No compromise reached on proposed budget


LIVERMORE FALLS — It was clear Monday that selectmen were not in agreement with some of the Budget Committee’s proposals they made on the proposed 2010-11 budget.

Selectmen propose a $2.18 million budget and the Budget Committee proposes a $2.01 million budget. Both plans are more than $500,000 less that the current $2.7 million budget. The difference between the two budgets is about $1.50 per $1,000 valuation of property in the tax rate, according to discussion.

The town is struggling with a loss in valuation due to the closing of a paper mill.

Some selectmen balked at most of the Budget Committee recommended reductions saying it was too much. Those include eliminating nonunion raises, except for the town manager since he has a contract, and cutting highway, police and fire departments and selectmen’s budgets. No decisions were made.

Selectmen want to leave the Police Department budget intact at a reduced $379,048, which is down from the current $389,000 budget. That budget includes about $40,000 added onto the police budget after voters shut down the dispatch center in December.

Selectmen’s budget would retain all police officers and an administrative assistant.

The Budget Committee wants to reduce the department’s budget to $323,552 by eliminating two police officers.

Budget Committee member and businesswoman, Mellette Pepin, said she was not comfortable getting rid of two police officers.

“I’m not comfortable losing one,” she said. But she was in the minority.

Selectman Jackie Knight said she didn’t want to lose any police and if they did, it would be asking for trouble.

It is all about tightening the belt, Budget Committee Chairman Scott Roberts said. It is not about what is wanted, he said, it’s about what the taxpayers can afford.

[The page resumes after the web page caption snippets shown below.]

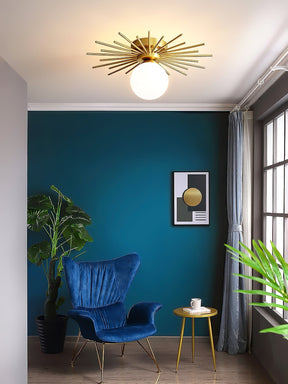 Éclairage de Plafond Élégant - Design Unique en Laiton et Verre
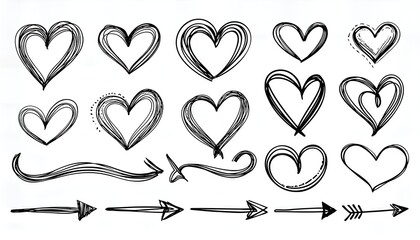 Fototapeta premium Vibrant HandDrawn Line Arrow Shape Brush Stroke Underline Vector Artwork Set Energetic, Modern, and Versatile Design Elements for Digital Art, Home Decor, and Graphic Design Inspiration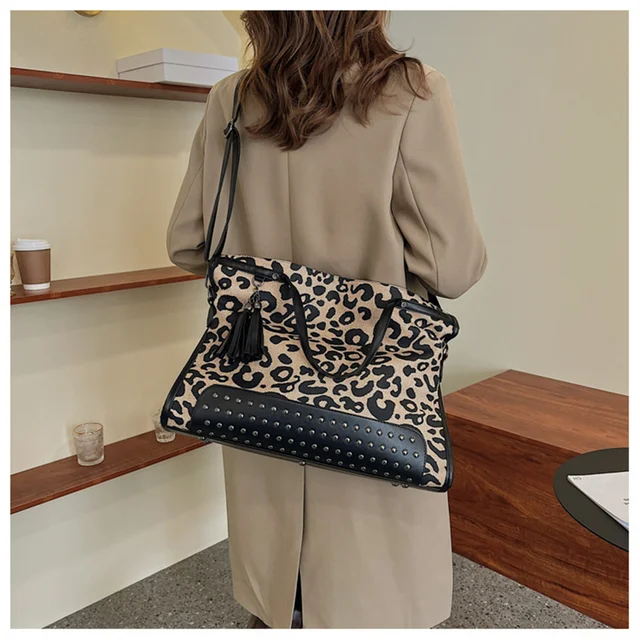 Black Leopard Tote Bags Women Casual Canvas Purse Cowhide Tote Bag Animal  Print Cheetah Shoulder Handbag For Women Fashion Bag - AliExpress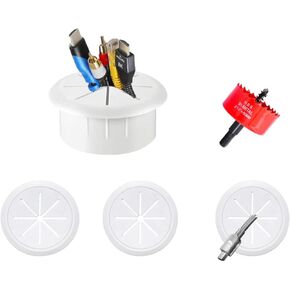 SweAtz 4 Pack TV Wire Hider for Wall,Desk Grommet 2-3/8""(60mm) Cord Hider in Wall Cable Management Kit with 1 Hole Saw Drill Attachment Ideal Solution for Office and Home Table Cable (White, 4 Pack)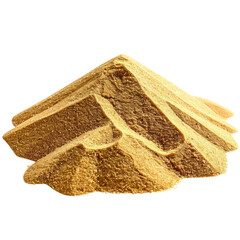 Golden pile of earthy powder, textured and isolated on black background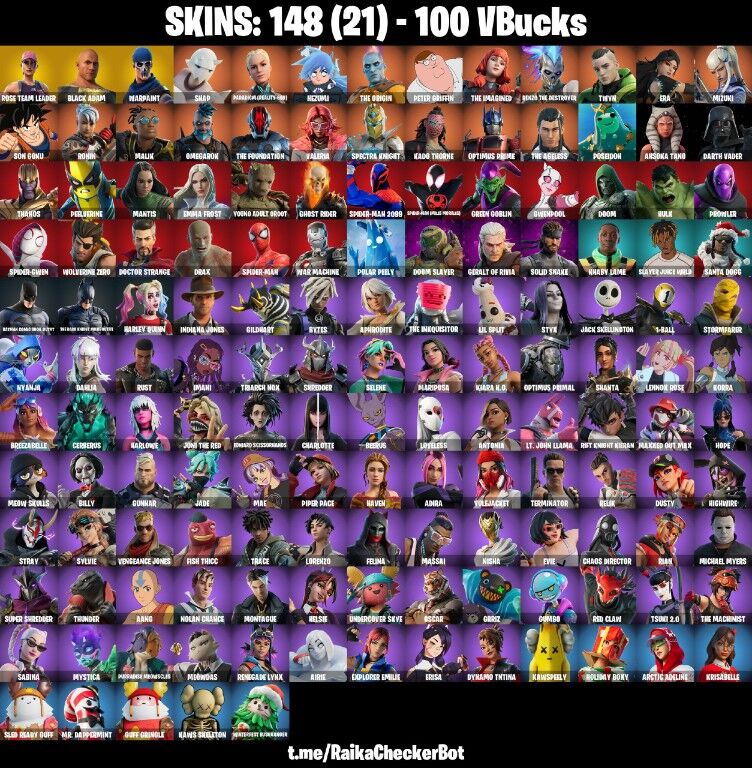 Fortnite Account ( PLAYSTATION / XBOX / PC / NINTENDO ) (BLACK ADAM, SPIDER-GWEN, PETTER GRIFFIN) (148 Skins)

After some debate about asking voters if they want to eliminate the town’s Police Department and go with Androscoggin Sheriff’s Department, selectmen agreed to ask voters if they want them to pursue an agreement with another law enforcement entity.

Board of Selectmen Chairwoman Louise Chabot asked police Chief Ernie Steward about his thoughts on the matter.

“I just don’t know what to say,” Steward said. “Either they want a police department or they don’t.”

They put their lives on the line to protect the community, he said. If the town doesn’t want a department, then the officers need to find another place to go.

The Budget Committee’s suggested cuts to the Fire Department and the Public Works Department would hurt both departments, fire Chief Mark Chretien and Public Works Foreman Bill Nichols both said. Selectmen are proposing $87,705 for the Fire Department, about $13,000 less than the original request and the Budget Committee is suggesting $65,555 including an $8,000 reduction in wages. The Department had requested a $1-an-hour raise for firefighters to go from $8 to $9 an hour for regular firefighters, and from $9 to $10 an hour for officers.

Roberts pointed out that the budget was in the $50,000 range until recently and now it is in the $80,000 range.

The cuts suggested to maintenance and repairs would make the department fall behind on those items and it will cost more to catch up, Chretien said.

A lot of communities throughout the state don’t pay a salary to the chief, Budget Committee member Ron Chadwick said. A lot of the work done is volunteer, he said.

“You are taking away from our families,” Chretien said of time firefighters put in. “You have to compensate us for our loss.”

Selectmen are recommending $340,025 for public works while the committee recommends $291,000.

When asked what the committee’s reduction was based on, Roberts said he could not remember the details but with that amount of money, it must be the elimination of a second position.

Nichols said those cuts would mean no sweeping or snow removal would be done.